Another alternate autobiography. It's really (with all possible
confusion to postmodernists) quite beautiful.
The Gates
They are an extension of that State
I imagined, which would not,
as its enemies claimed, keep us in childhood
but make up its deficiencies.
Those enemies, like every enemy
and state, dispersed,
dismayed …
or remaining on Earth,
which will become a rest home
for ideas, faded, querulous,
growing ever smaller:
the possessed object arousing only nostalgia.
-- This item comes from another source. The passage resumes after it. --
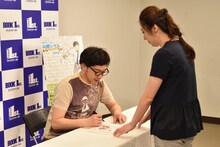 「サラリーマン山崎シゲル～THE SWORD OF GALAXY～」にサインを入れるタナカダファミリア（左）。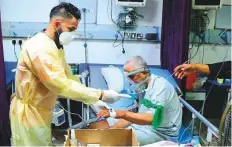  ?? AP ?? ■ A coronaviru­s patient being treated at a hospital in Najaf. Infections in Iraq have surged to record highs in a third wave.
For when you enter a Gate (the word
so quickly losing its capital),
it processes you
to worlds whose air you can breathe
and viruses sneeze away,
whose gravity puts a spring in your step
or a not unpleasant languor.
I suppose one could tour,
with help, the gas giants,
view crystal megaliths by sulfur seas,
but I won't, for the moment; death remains
not that far out of the way.
One is, after all, a tourist.
It takes effort to become a wanderer.
I'm getting there.
- Avoid the bars, the mountaintop cafes
with a view of multiple sunsets,
where humans go. Where fashion
is to praise nothing seen
but traffic jams or childhoods
in Pyongyang, Delhi, Cleveland,
till a word takes one home.
But a wanderer sees and wants to see
nothing of his own.
Time is energy, the Gates attest,
and time is my time.
Last week I walked on vaguely orange grass
to a blue town
whose people waved their spindly arms
(?) in the air continually.
The gesture held no malice; I live.
They had no eyes, which I found somehow restful.
They fed me - at least there was food -
and buzzed; in motion, favored the ellipse.
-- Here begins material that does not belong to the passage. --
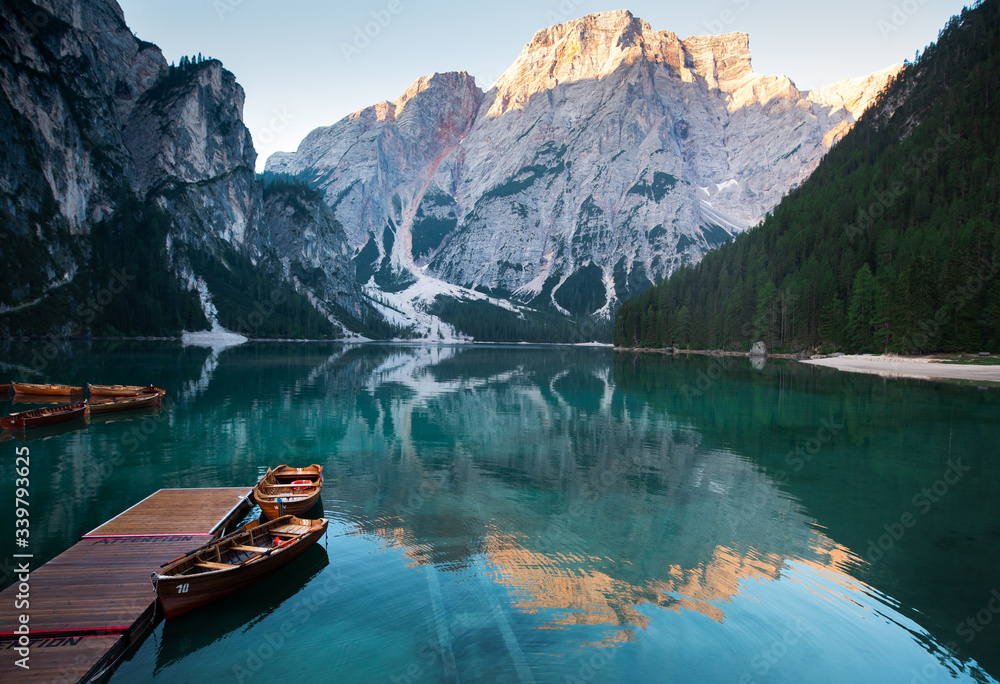 Emerald Mountain Lake Braies. boat station. Wooden pier. Morning landscape in Italy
But the planet was overcast
and I had little to give,
so moved another thousand light-years -
their Now, and mine -
to where there were stars.
(I think I love the different patterns most
or lack of pattern.)
We sat, some eggplant sage and I,
in a clearing, with a kind of notebook.
One grows adept at drawing the view from Earth.
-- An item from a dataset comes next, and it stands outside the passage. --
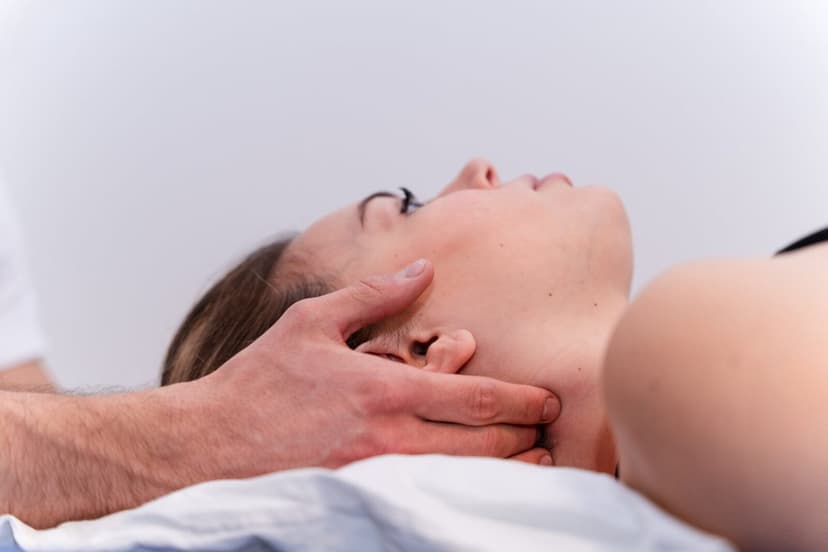 Primissimo piano del collo della paziente distesa con le mani del fisioterapista che sostengono mandibola e cervicale, sfondo bianco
When I finished my dots, we listened
to the noises of his night.
He shrugged or nodded
some truism about the larger sky.
It's shameful to admit, but aliens
have become less important;
however at home they are, they too seem tourists.
Our fire, that other constant, waned.
Our two strange faces read its glowing embers.
I have outrun the turmoil of my youth,
I said. Have abandoned meaning
(he: That's for sure)
and care and company, save that of death.
Then the being, in whatever
medium, chided:
Vertical questions find only lateral answers.